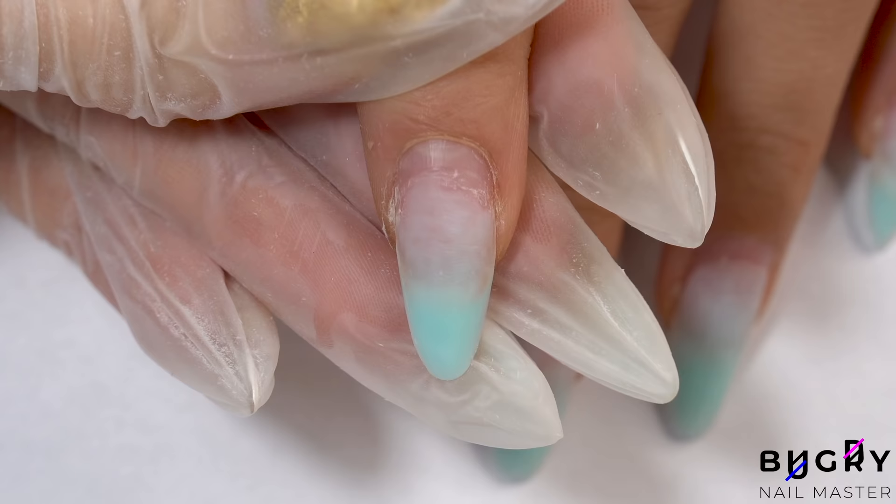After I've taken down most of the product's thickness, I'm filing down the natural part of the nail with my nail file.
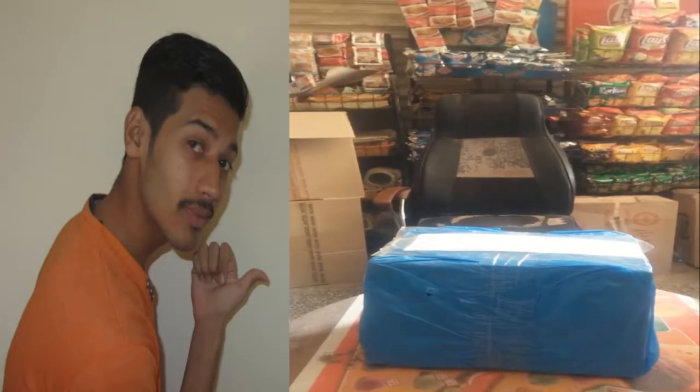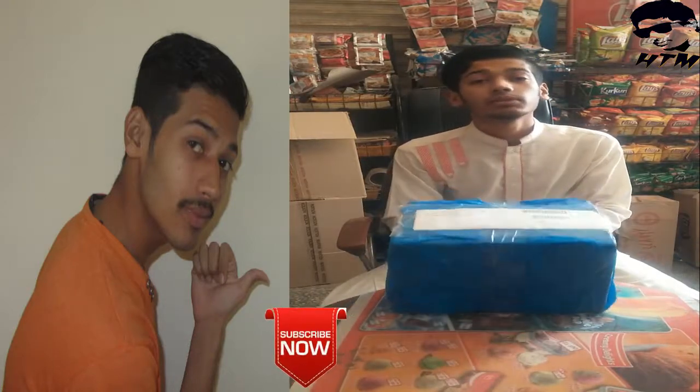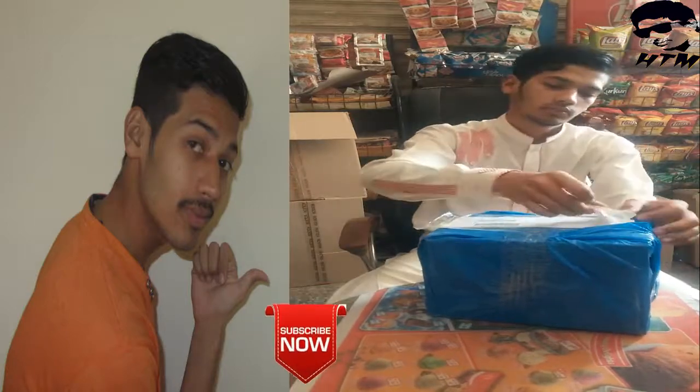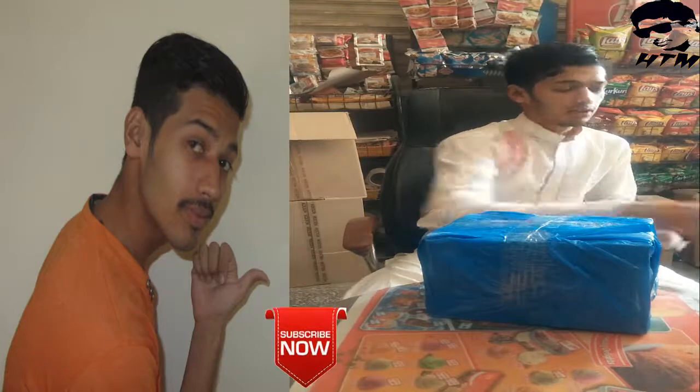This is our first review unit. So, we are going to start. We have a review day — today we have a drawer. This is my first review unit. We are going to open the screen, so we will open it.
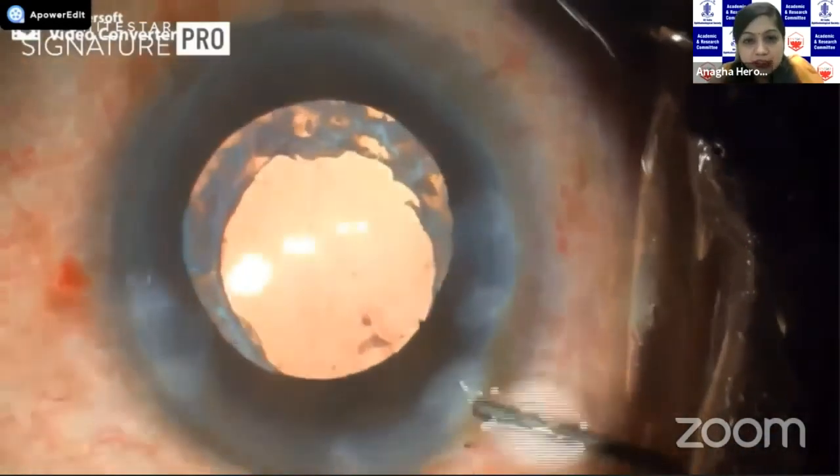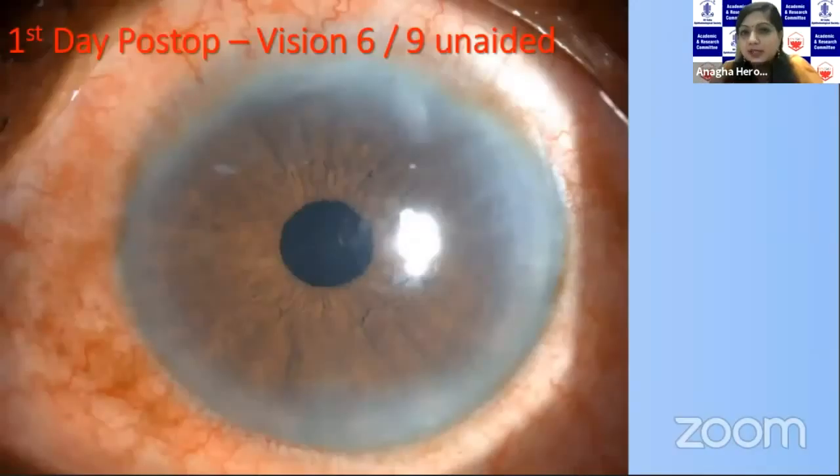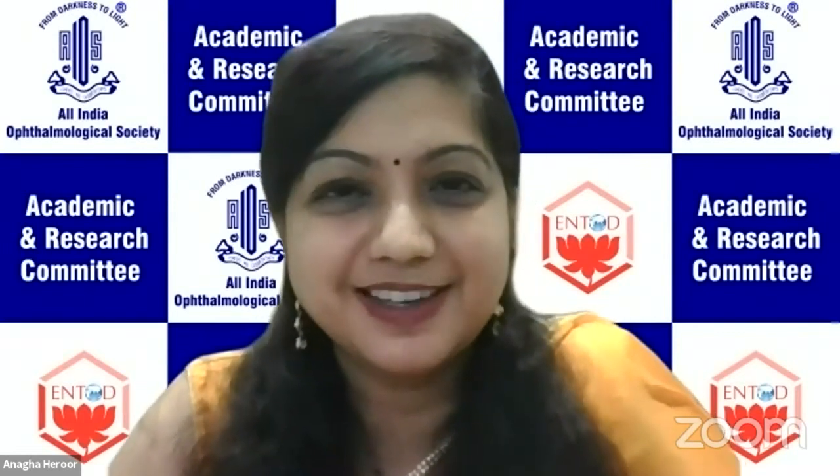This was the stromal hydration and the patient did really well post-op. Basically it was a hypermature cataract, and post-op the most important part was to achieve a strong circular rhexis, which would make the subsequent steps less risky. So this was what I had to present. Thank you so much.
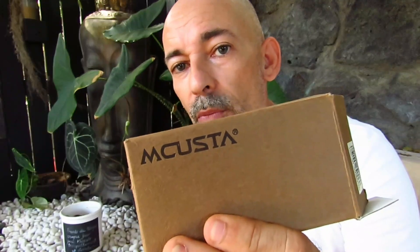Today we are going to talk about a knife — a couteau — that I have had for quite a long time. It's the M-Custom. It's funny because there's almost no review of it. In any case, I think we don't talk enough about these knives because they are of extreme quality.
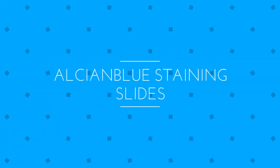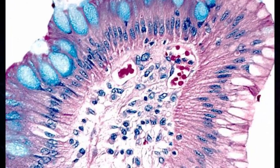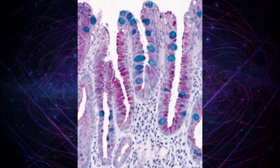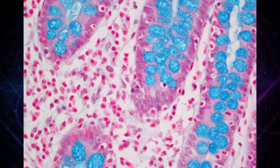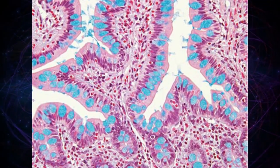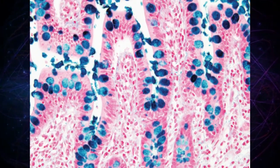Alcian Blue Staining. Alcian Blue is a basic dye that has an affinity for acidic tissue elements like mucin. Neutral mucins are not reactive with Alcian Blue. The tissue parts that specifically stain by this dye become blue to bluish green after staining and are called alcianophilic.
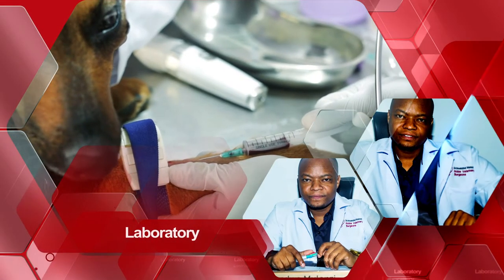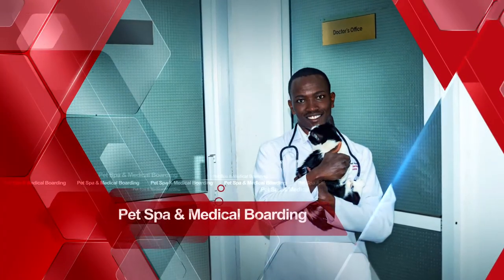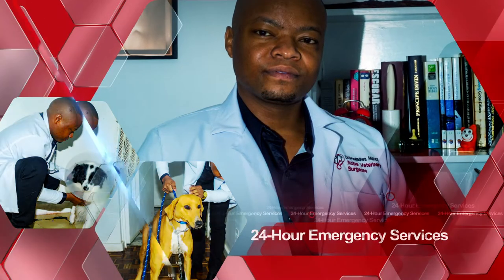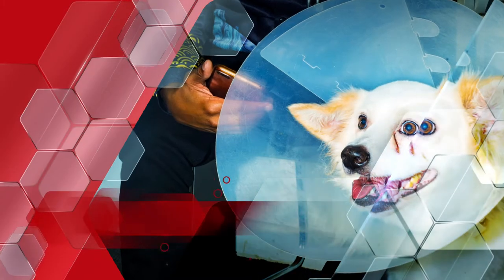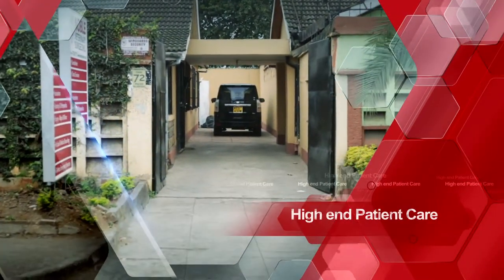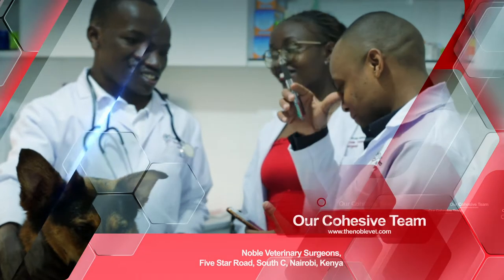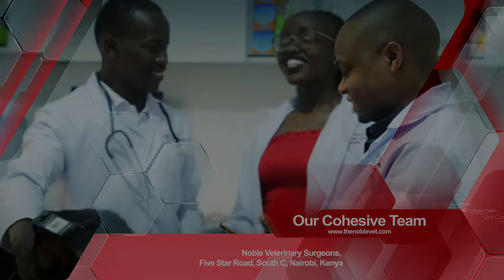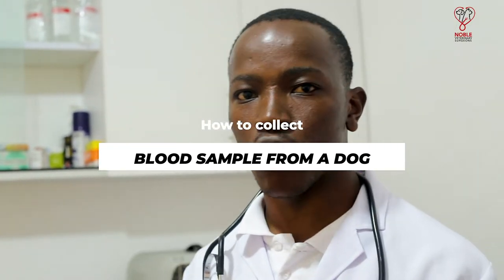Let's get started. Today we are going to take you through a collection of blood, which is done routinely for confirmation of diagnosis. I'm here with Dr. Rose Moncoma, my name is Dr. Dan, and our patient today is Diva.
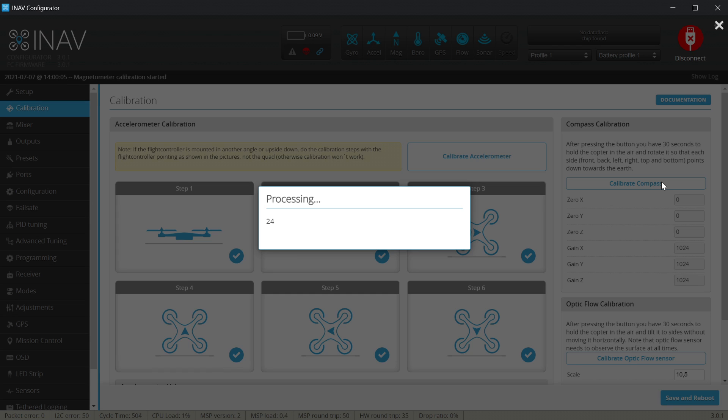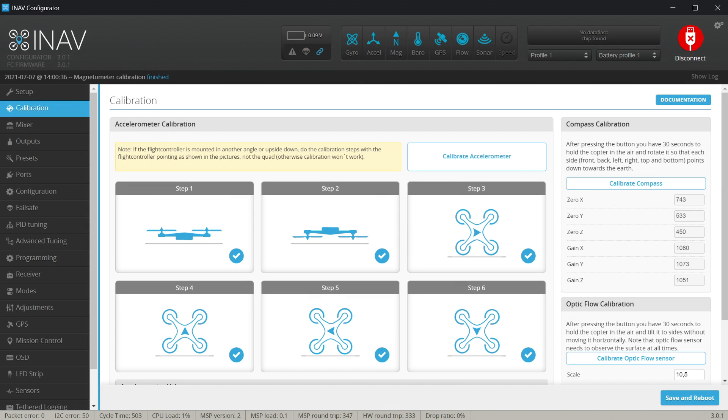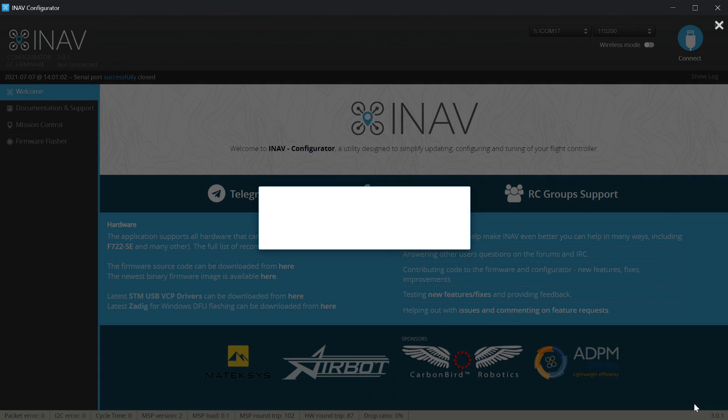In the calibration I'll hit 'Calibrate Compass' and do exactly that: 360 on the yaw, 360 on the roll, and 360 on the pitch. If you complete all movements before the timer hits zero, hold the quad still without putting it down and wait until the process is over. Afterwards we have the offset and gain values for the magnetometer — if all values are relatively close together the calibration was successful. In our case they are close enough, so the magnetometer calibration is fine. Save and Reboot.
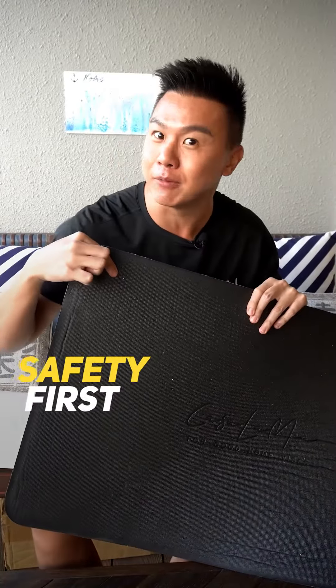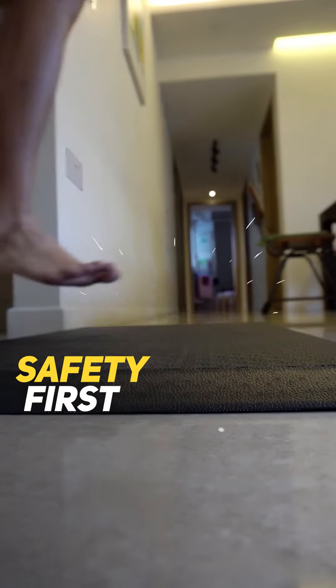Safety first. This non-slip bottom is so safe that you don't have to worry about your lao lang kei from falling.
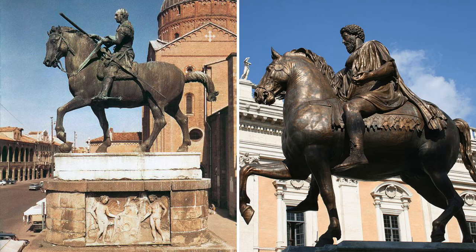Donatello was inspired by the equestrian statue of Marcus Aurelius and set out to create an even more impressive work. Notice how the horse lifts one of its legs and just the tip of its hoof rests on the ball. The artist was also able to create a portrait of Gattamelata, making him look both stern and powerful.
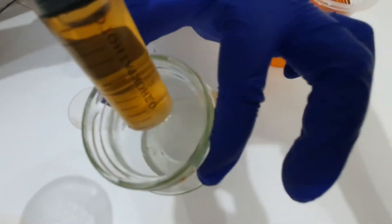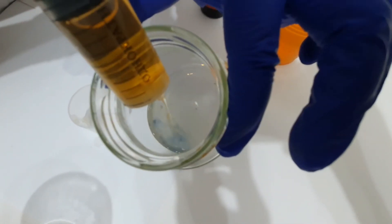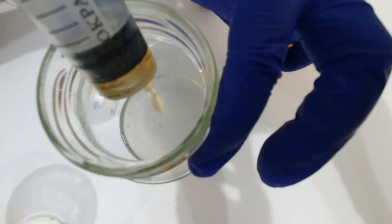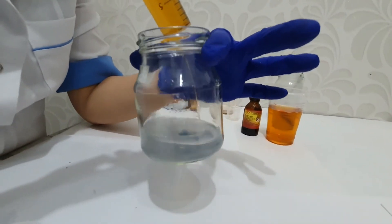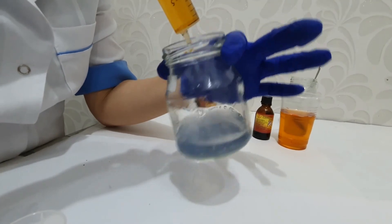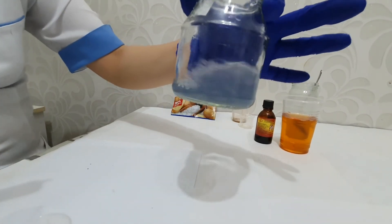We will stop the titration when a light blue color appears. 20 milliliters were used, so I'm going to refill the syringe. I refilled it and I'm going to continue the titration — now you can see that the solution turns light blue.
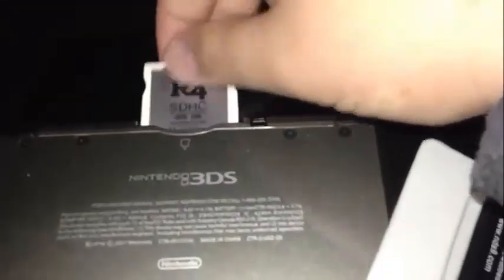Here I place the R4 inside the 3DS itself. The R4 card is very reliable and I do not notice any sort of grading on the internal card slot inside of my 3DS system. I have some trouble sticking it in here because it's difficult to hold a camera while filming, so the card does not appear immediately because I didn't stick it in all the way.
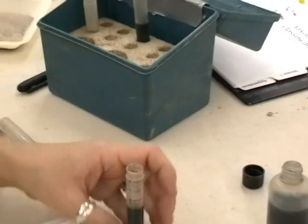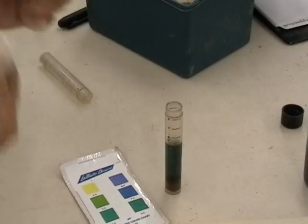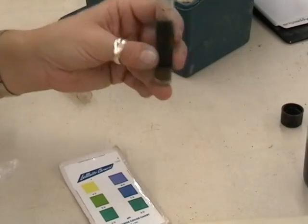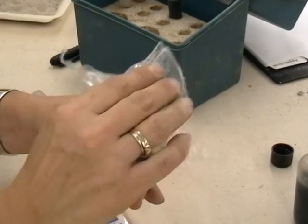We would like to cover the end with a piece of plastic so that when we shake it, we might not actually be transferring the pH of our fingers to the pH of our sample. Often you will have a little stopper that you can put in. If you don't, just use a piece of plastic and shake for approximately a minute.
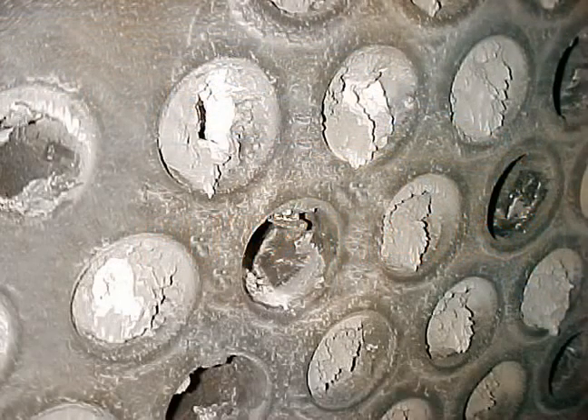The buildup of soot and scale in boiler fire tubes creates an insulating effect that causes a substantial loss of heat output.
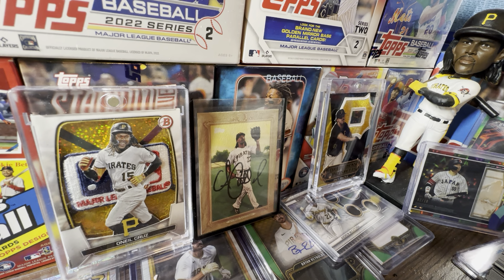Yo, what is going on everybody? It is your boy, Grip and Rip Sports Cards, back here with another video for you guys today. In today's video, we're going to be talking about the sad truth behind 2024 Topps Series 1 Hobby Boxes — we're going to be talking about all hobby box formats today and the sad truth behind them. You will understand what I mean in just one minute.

++++++

## GOAL OF THE EXERCISE:
Going from the line holding "We would like" to the last line of the data above, reproduce every line exactly, both included, with the pictures omitted.

## REPLY:
We would like to cover the end with a piece of plastic so that when we shake it, we might not actually be transferring the pH of our fingers to the pH of our sample. Often you will have a little stopper that you can put in. If you don't, just use a piece of plastic and shake for approximately a minute.
The buildup of soot and scale in boiler fire tubes creates an insulating effect that causes a substantial loss of heat output.
Yo, what is going on everybody? It is your boy, Grip and Rip Sports Cards, back here with another video for you guys today. In today's video, we're going to be talking about the sad truth behind 2024 Topps Series 1 Hobby Boxes — we're going to be talking about all hobby box formats today and the sad truth behind them. You will understand what I mean in just one minute.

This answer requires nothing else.